En el campamento obrero, a unos veinte kilómetros de las acciones, estaban todos ansiosos por saber el resultado de la gesta patria. Cierto influjo castrense había permeado en los trabajadores, en especial cuando Astiz los incluyó en el acto cívico-militar de volver a izar la bandera que los británicos les habían pedido que bajaran. El teniente se había formado frente a sus hombres, en una pequeña loma que lo dejaba más alto, flanqueado por los obreros con sus trajes térmicos blancos. Era casi un cuadro del pintor y militar Cándido López. Cantaron el himno a los gritos, vivaron a la Patria y se sintieron parte de un momento histórico. Muchos lloraron y otros se propusieron para combatir.
Astiz llegó casi de noche y apenas pisó el muelle supieron que no había buenas noticias. El teniente no les dijo que producto de la improvisada operación había tres muertos, once heridos, un helicóptero derribado y una corbeta, la Guerrico, seriamente dañada, pero aceptó que habían subestimado a sus enemigos y que por eso se habían perdido vidas de argentinos.

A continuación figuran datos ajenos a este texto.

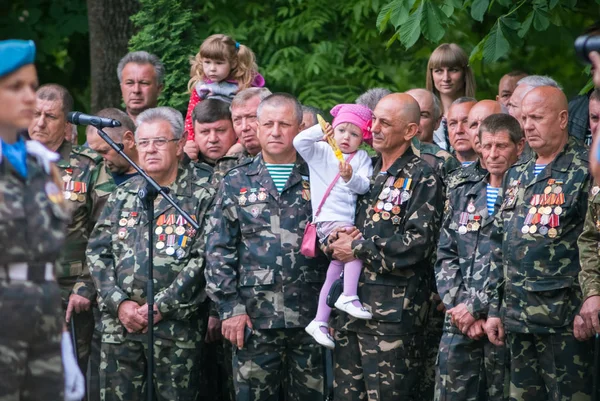 Eski 9 Mayıs 2018 yılında Kamianets-Podilskyi üzerinde zafer günü yıldönümü için ayrılmış festivaller sırasında madalya ile dekore edilmiş İkinci Dünya Savaşı gazileri — Stok fotoğraf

En Grytviken el ánimo también estaba bajo pero la necesidad de ordenar la posesión de las Georgias posponía cualquier remedo de duelo. Rivera supo que se quedaría en la isla a esperar la represalia británica que llegaría sin importar lo que los argentinos hicieran.
Esa misma tarde, el gobierno militar de Leopoldo Galtieri, Jorge Anaya y Basilio Lami Dozo, se reunía en Casa Rosada para analizar la situación en las islas y concluía:
“En el caso Georgias, ante la imposibilidad de prestar ningún apoyo efectivo, se determinó que se empeñaran medios reducidos tanto en personal como en material, puesto que, de producirse un ataque británico, estos caerían en poder del enemigo”.
La posesión de las Georgias duró hasta el 26 de abril y fue la primera derrota de los argentinos hasta la rendición final del 14 de junio. Rivera montó guardia día tras día tras una ametralladora pesada pero no pudo usarla. Como indican los manuales, que los argentinos no siguieron, el Reino Unido saturó la plaza con fuerza propia e intimó a la rendición con bombardeo de “ablande”. Los británicos no perdieron a nadie en la recuperación de las islas. Astiz se rindió poco después, también sin tirar un tiro, luego de entregar a los obreros a los británicos.
A partir de allí, Rivera y los chatarreros iniciaron un larguísimo viaje en un buque petrolero reconvertido hasta la isla Ascensión, a la altura de San Salvador de Bahía. Desde allí fueron repatriados en un avión de la Cruz Roja hasta Montevideo y en barco de la Armada hasta Buenos Aires.
En la última entrada de su diario personal, Rivera describe ese momento, emocionado:
“Estoy en cubierta, se ve Buenos Aires, los buques que nos cruzan nos saludan. Es hermoso...”.